The Reality Self-Simulation Principle - lardplanet
https://www.patreon.com/file?h=37075171&i=5607562
======
lardplanet
Chris Langan showed reality is a closed self generating simulation since his
first paper in 1989, please give the man any credit? No?

------
s_gourichon
Well. I'm not fond of "metaformal" thingies.

It's nice that we have universal formal systems like cellular automata,
Turing-completeness and all. Yet formalism ever only happens on an actual
substrate.

The substrate typically has different principles and the properties necessary
for the formalism built on top emerge from lower-level, simpler interactions,
that typically have nothing to do with the formalism.

This is why quantum mechanics appears so weird.
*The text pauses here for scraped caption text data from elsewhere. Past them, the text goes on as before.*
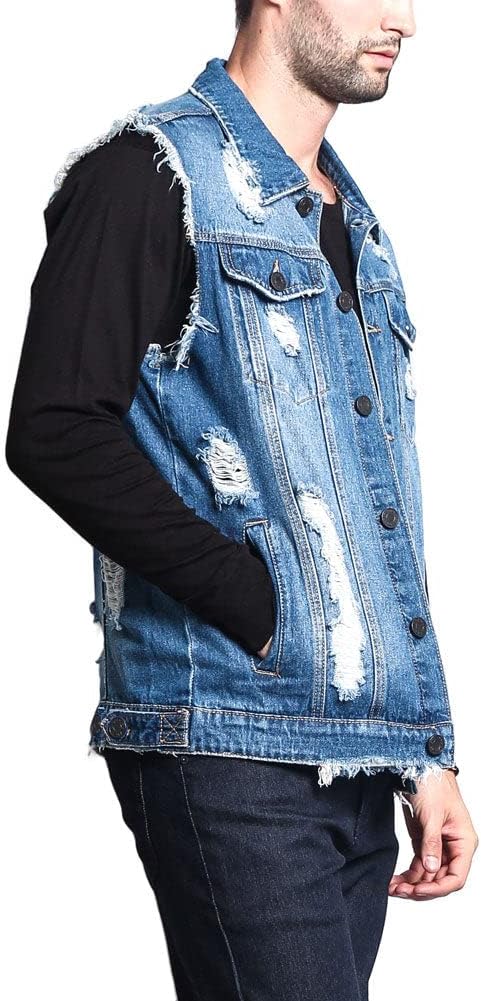 VICTORIOUS Rocker Denim Jean Vest Jacket - Image 5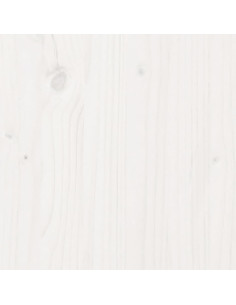 Giroletto senza Materasso Bianco 90x200 cm Legno Massello Pino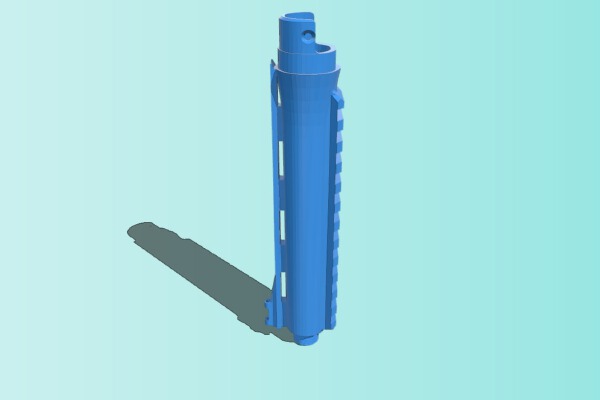 Action Army AAP01 (airsoft) Threaded & Railed Automag barrel fibre optic front sight | 3d print model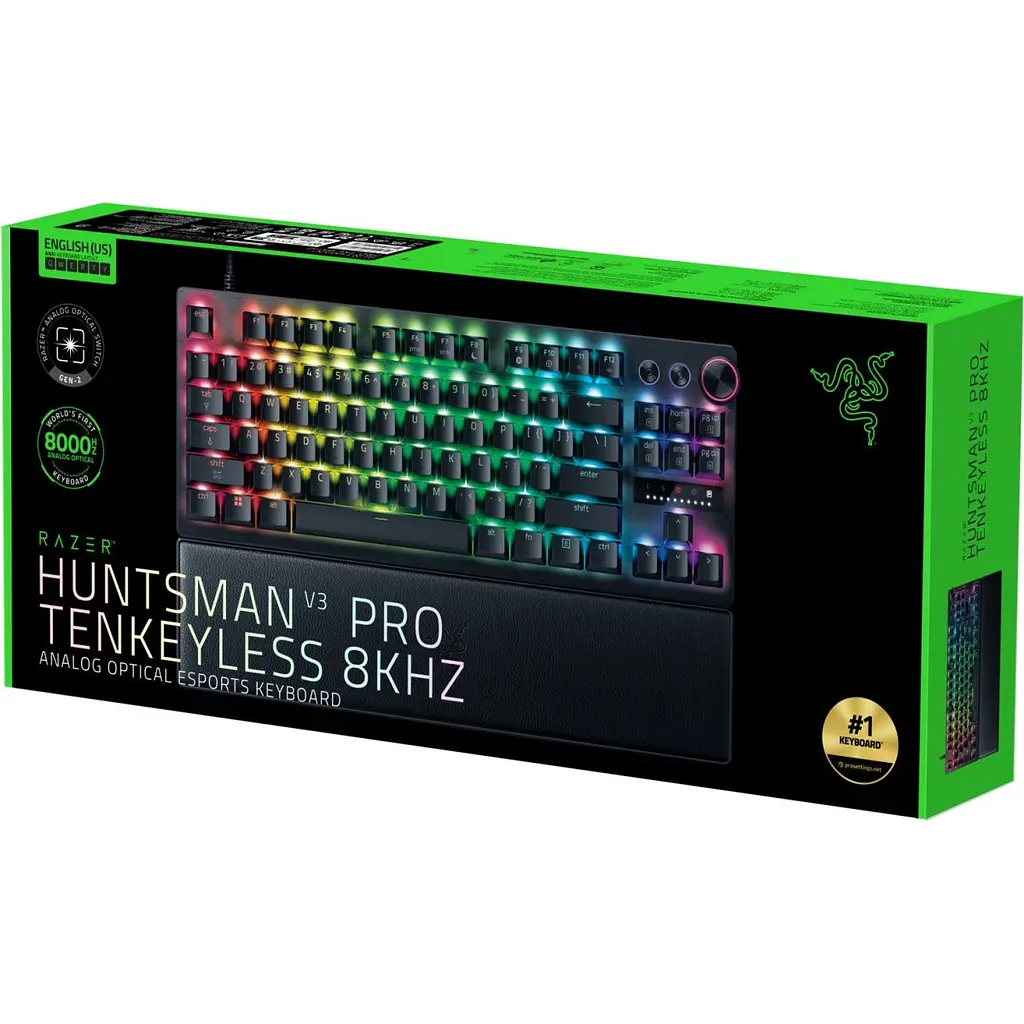 Клавіатура Razer Huntsman V3 Pro TKL Analog Optical Switch 8KHz USB UA Black (RZ03-05520100-R3M1) [170945] - фото 5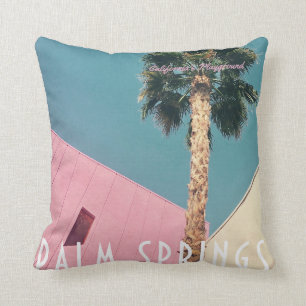 Retro Palm Springs Throw Pillow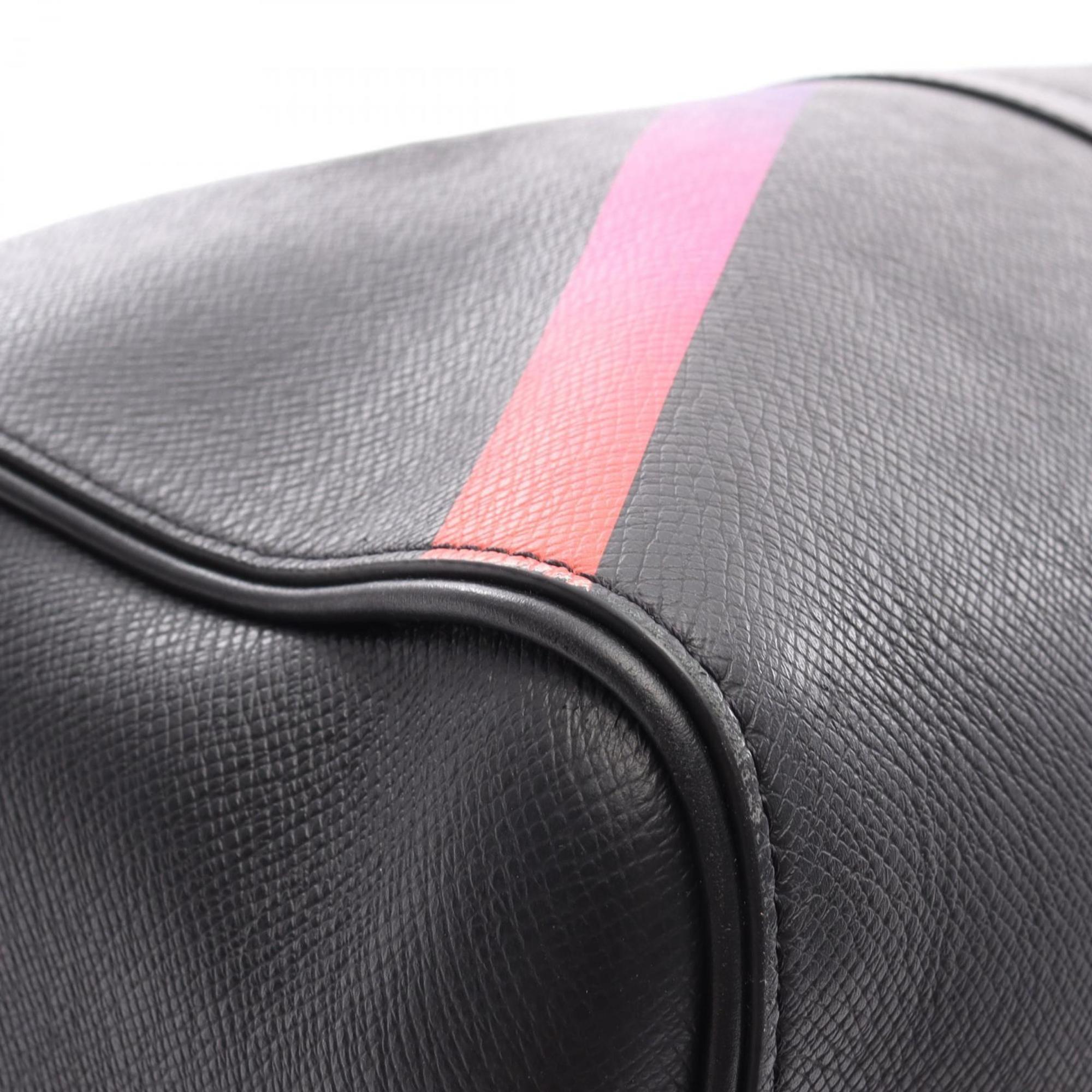Louis Vuitton Black Multi-Color Noir Leather Boston Bag (Pre-Owned)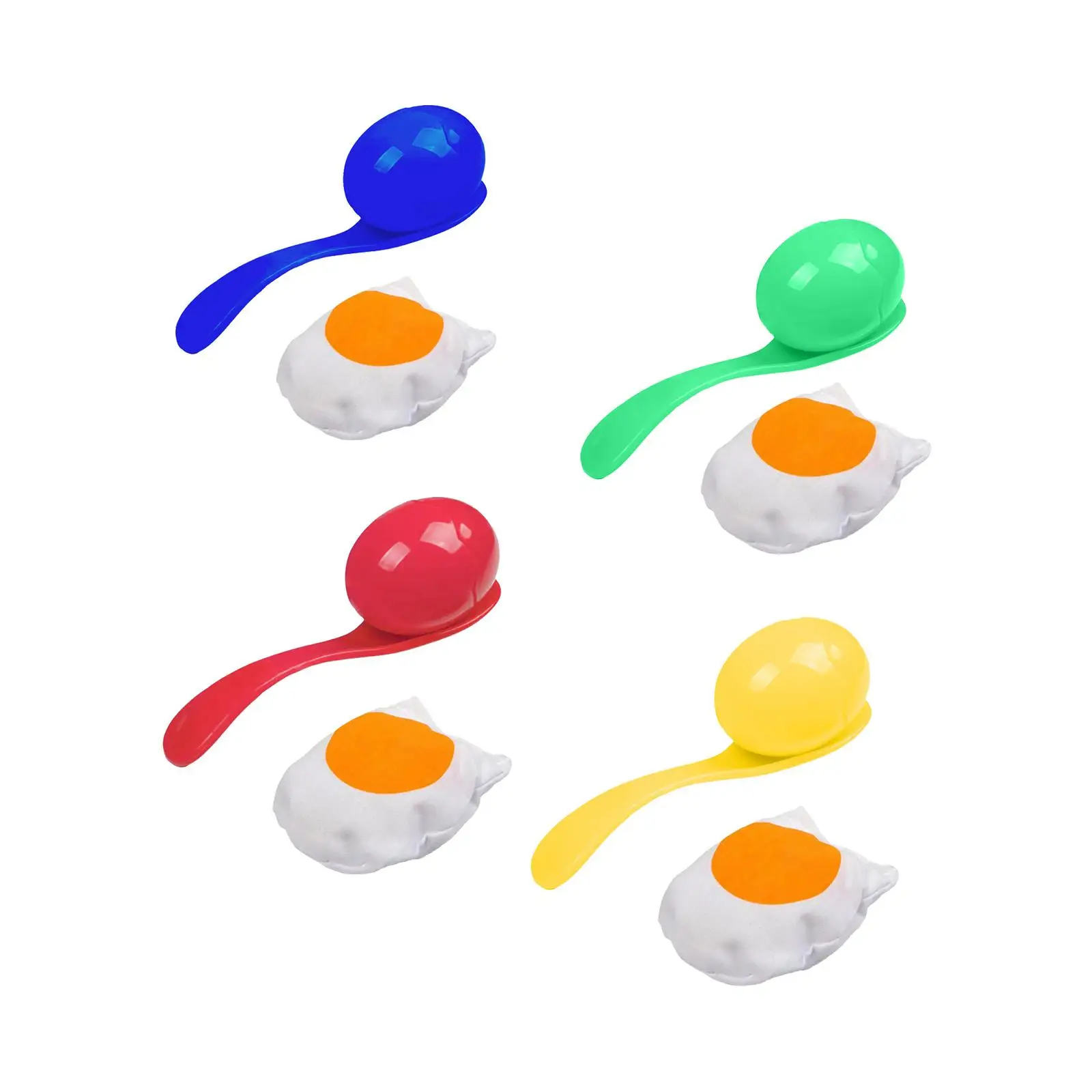 Easter Egg and Spoon Race Game Birthday Party Toys Party Supplies Lightweight Fun Game Egg and Spoon Relay Game for Children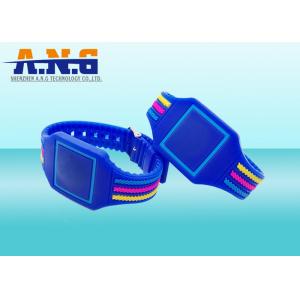 China Contactless Security Access Rfid Wristbands Silicone , Smart rfid bracelet supplier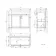 Bermuda Inky Blue Combination Vanity Basin and Boston Toilet 1300mm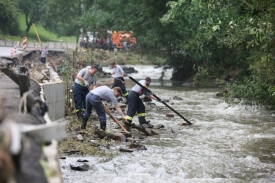 Na Jičínce byla hladina o dva metry výš než při stoleté vodě.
The substrate is so different
from the emergent formalism of classical mechanics that we have to give up the
mere notion of time that seemed so central.

For another example of unexpected substrate you can build logic gates on top
of the overall behavior of swarm of crabs
[http://wpmedia.wolfram.com/uploads/sites/13/2018/02/20-2-2.p...](http://wpmedia.wolfram.com/uploads/sites/13/2018/02/20-2-2.pdf)
. In theory, with enough logic gates you can build a Turing-complete system.
Not a very efficient one, sure. Generally, remember not all outcomes are
determined by efficiency, only by chains of causality.